--- YOUR INSTRUCTIONS ---
Strip out the pictures and output each remaining line of the data word for word.

--- MATERIAL TO PROCESS ---
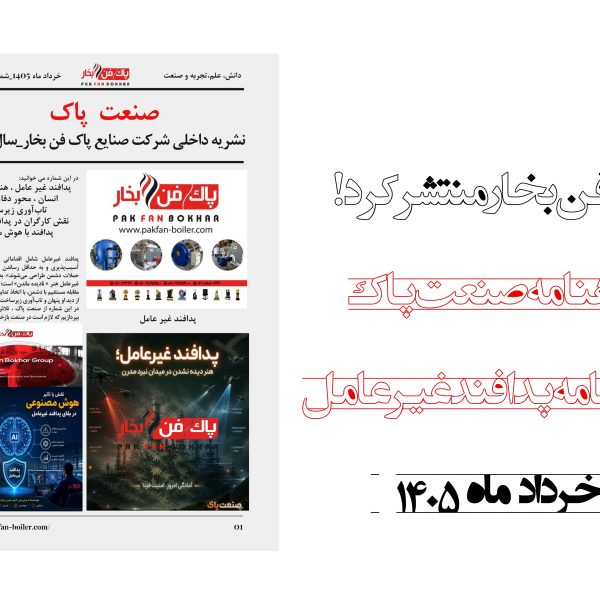 نشریه صنعت پاک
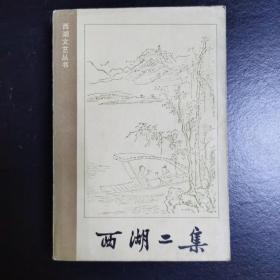西湖二集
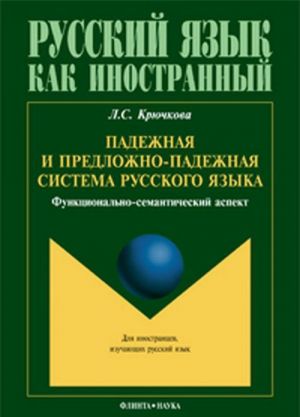 Padezhnaja i predlozhno-padezhnaja sistema russkogo jazyka. Funktsionalno-semanticheskij aspekt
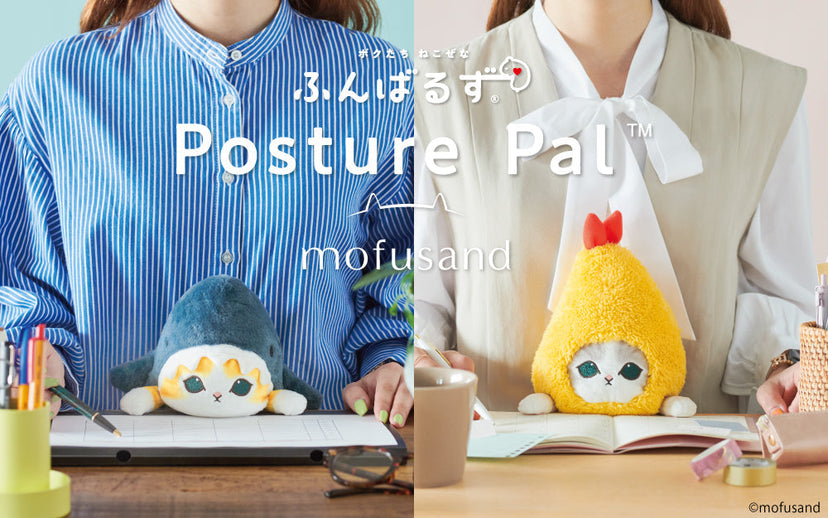 Posture Pal - mofusand - Premium Pick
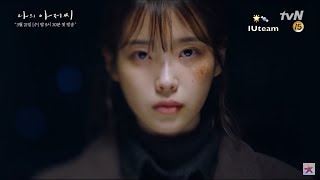 [ENG SUB] My Mister (나의 아저씨) Teaser - Lee Jieun (IU 아이유) as Lee Ji An, the cold and tough woman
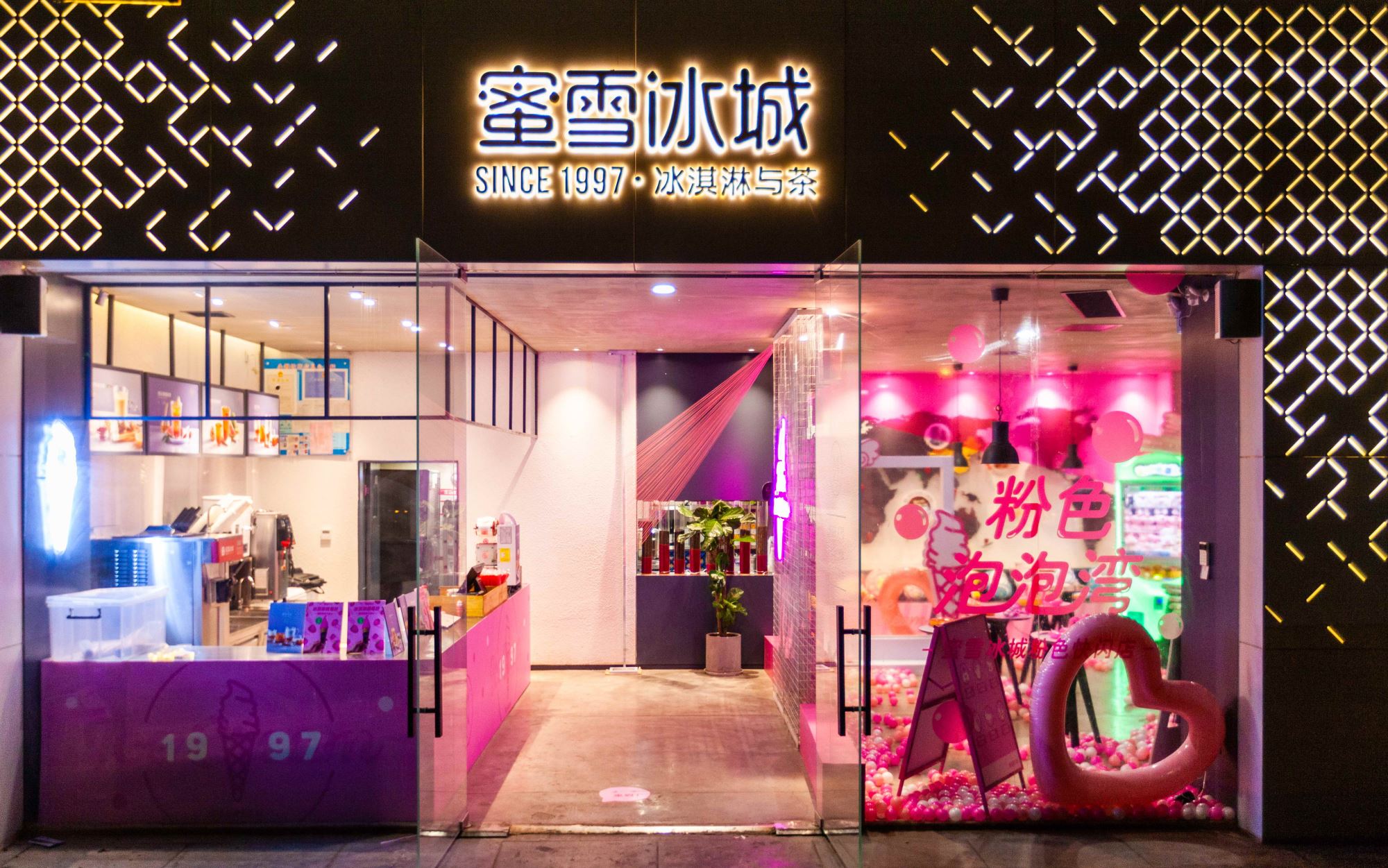 开一家蜜雪冰城加盟费大概多少,加盟蜜雪冰城需要哪些条件和费用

--- SOLUTION TO THIS EXERCISE ---
 نشریه صنعت پاک
西湖二集
 Padezhnaja i predlozhno-padezhnaja sistema russkogo jazyka. Funktsionalno-semanticheskij aspekt
 Posture Pal - mofusand - Premium Pick
 [ENG SUB] My Mister (나의 아저씨) Teaser - Lee Jieun (IU 아이유) as Lee Ji An, the cold and tough woman
 开一家蜜雪冰城加盟费大概多少,加盟蜜雪冰城需要哪些条件和费用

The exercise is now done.